A dozen students where seated in a circle around a moderator. Soon, the session took a turn that was highly disturbing to me. Students started divulging, in total candor, their inner troubles, failings, and sufferings. Many cried telling their stories and many others sympathized by sharing with their cries. I was sitting still, stone faced, and stoic during the whole session.

I kept coming for all the duration of the program, of maybe 5 sessions, because I felt it would be rude of me to quit and admit that my enrollment was a plain mistake. I never spoke a word or felt compelled to deliver a story, lacking imagination and not recalling that my upbringing was an excellent subject for shared compassion.

I was completely sure that I am not one of them and that it was just a one time experience. I laughed inside and did not resume anything.

I sincerely doubt that I can open up to a shrink, even lying down on a sofa: I have a sick ego and I am too sarcastic and critical to pull a session through.

 

I knew that my emotions and feelings towards my parents are sort of neutral, a sort of tacit recognition that we have responsibilities to our survival as a family but no overt expression of affection either verbally or in writing. 

I may guess that this is the worst case in psychological imbalances because we lack the constant opening up in our relations. 

Maybe our angers surface occasionally when we realize that we needed more care and encouragement to mingle than be sheltered as immature kids.

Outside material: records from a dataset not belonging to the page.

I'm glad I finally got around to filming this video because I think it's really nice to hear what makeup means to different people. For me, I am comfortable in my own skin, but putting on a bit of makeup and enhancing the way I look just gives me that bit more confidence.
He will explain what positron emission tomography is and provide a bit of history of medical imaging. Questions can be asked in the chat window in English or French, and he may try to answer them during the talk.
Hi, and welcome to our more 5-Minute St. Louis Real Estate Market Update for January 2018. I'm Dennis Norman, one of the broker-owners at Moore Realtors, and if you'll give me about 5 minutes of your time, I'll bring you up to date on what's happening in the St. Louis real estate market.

I believe that genetically the emotional development of my younger brother, my younger sister and I were lacking because many other kids were also confined in boarding schools and their parents were not as providing as our parents and somehow they turned out enterprising and raised better than normal families of their own.

Maybe emotional development has nothing to do with being successful to the eyes of the community.

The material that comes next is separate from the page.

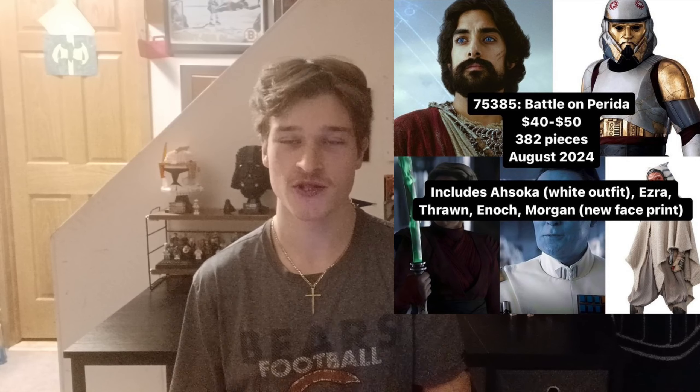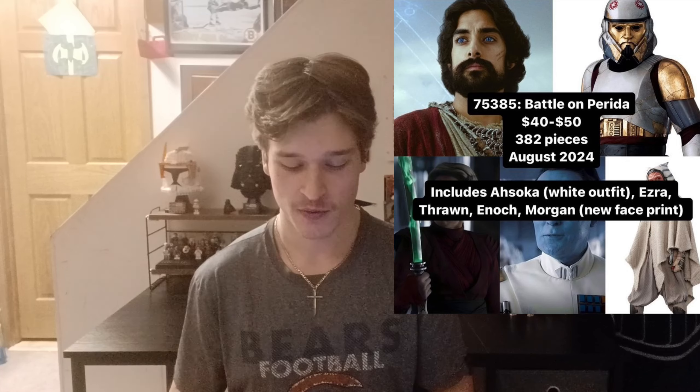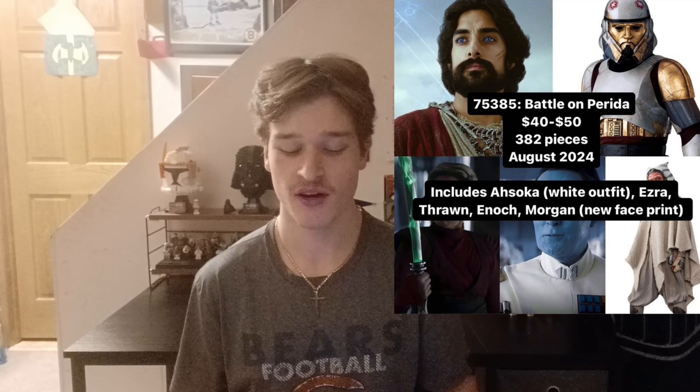Starting off with probably the least surprising one, following the Ahsoka series, is the 75385 Battle on Peridia. It's $40 to $50 — we're not sure, either $40 or $50 — it will be 382 pieces, releasing August of 2024, and it will include Ahsoka in the white outfit, Ezra, Thrawn, Enoch, and Morgan.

In our case, my brother, sister and I, the development was worsened by the ignorance of our parents in bringing up kids.  Neither their past nor their characters nor their level of education and upbringing offered my folks the means to express their feelings frankly and openly, especially my father who lived separated from both his parents for many years since his childhood. 

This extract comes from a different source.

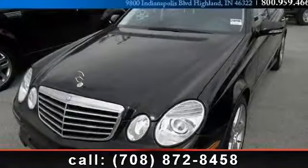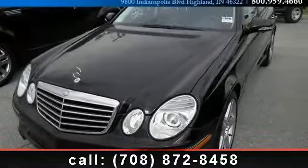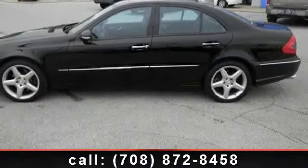Presenting the 2009 Mercedes-Benz E-Class Base. Don't miss this great deal on a luxury vehicle.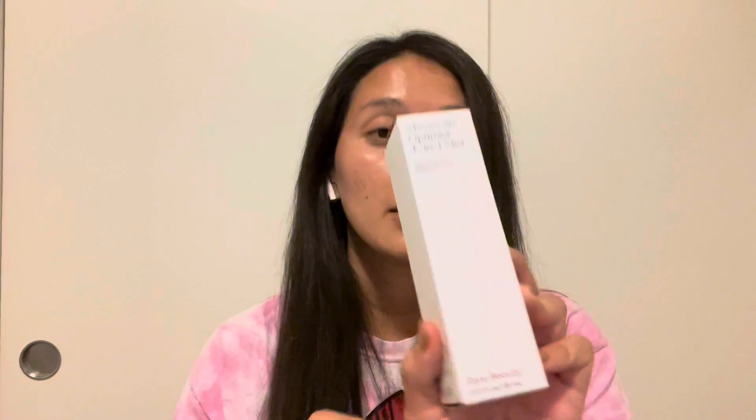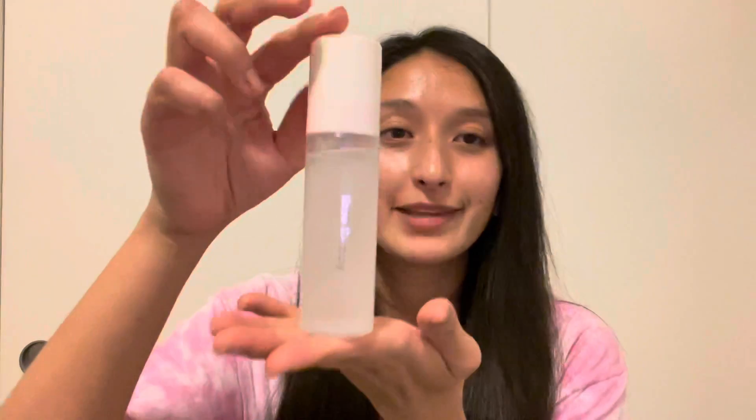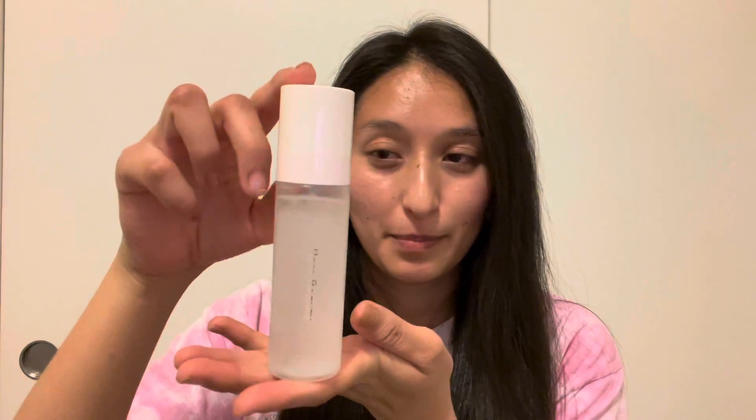Let's get started. I'm going to show you the products I got from Rare Beauty and their packaging. Just FYI, I've used them before so I kept the packaging to show how it came. I got the Always an Optimist Four in One Mist — it hydrates, primes, sets, and refreshes the skin. You have to shake it before you use it.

My dad might have decided to dissociate emotionally from us on the fact that mother was showing signs of being over protective and as her sole responsibility, save the financial side. (More on these topics in later sections)

The Tunnel (Ch. 37 of autobiography)

 

The Dean, who was from India, refused me a grant as a former graduate in Industrial engineering. Dr. Foote, my former MS advisor, failed to actively support me as I expected of him.

I had no choice but to enroll in order to straighten my visa status from business to graduate student. I paid the full exorbitant tuition for 12 credit-hours and was completely broke by the end of the semester.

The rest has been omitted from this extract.